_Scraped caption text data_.
___
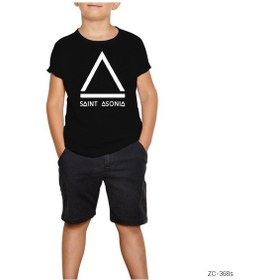 Resim Saint Asonia Siyah Çocuk Tişört Siyah 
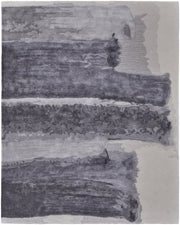 Anya Transitional Abstract, Gray/Blue/Ivory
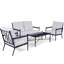 Ensemble de conversation en acier pour 4 personnes avec table en verre-651084396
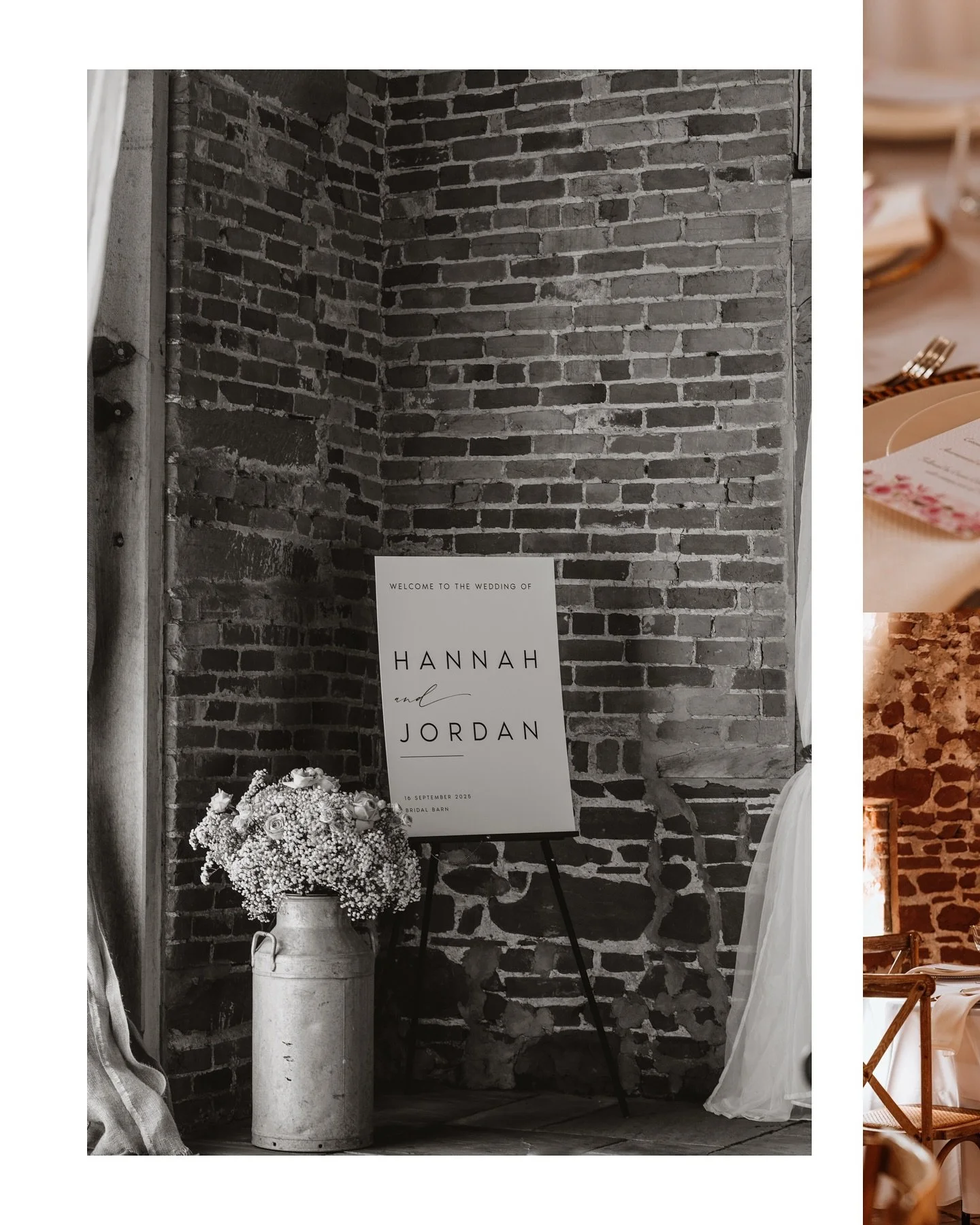 H &amp; J 💍💐 

Venue - @bridalbarnwedding 
Florist - @dsbridalsandmore 
Decor - @woven.and.wild.weddings 
Dress - @georginascottbridal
___
_Task objective_. Extract precisely the lines beginning at the line containing "H &amp; J 💍💐" and ending at the last line of the entries above, exactly as written and with no pictures.

_Answer to this task_.
 H &amp; J 💍💐 

Venue - @bridalbarnwedding 
Florist - @dsbridalsandmore 
Decor - @woven.and.wild.weddings 
Dress - @georginascottbridal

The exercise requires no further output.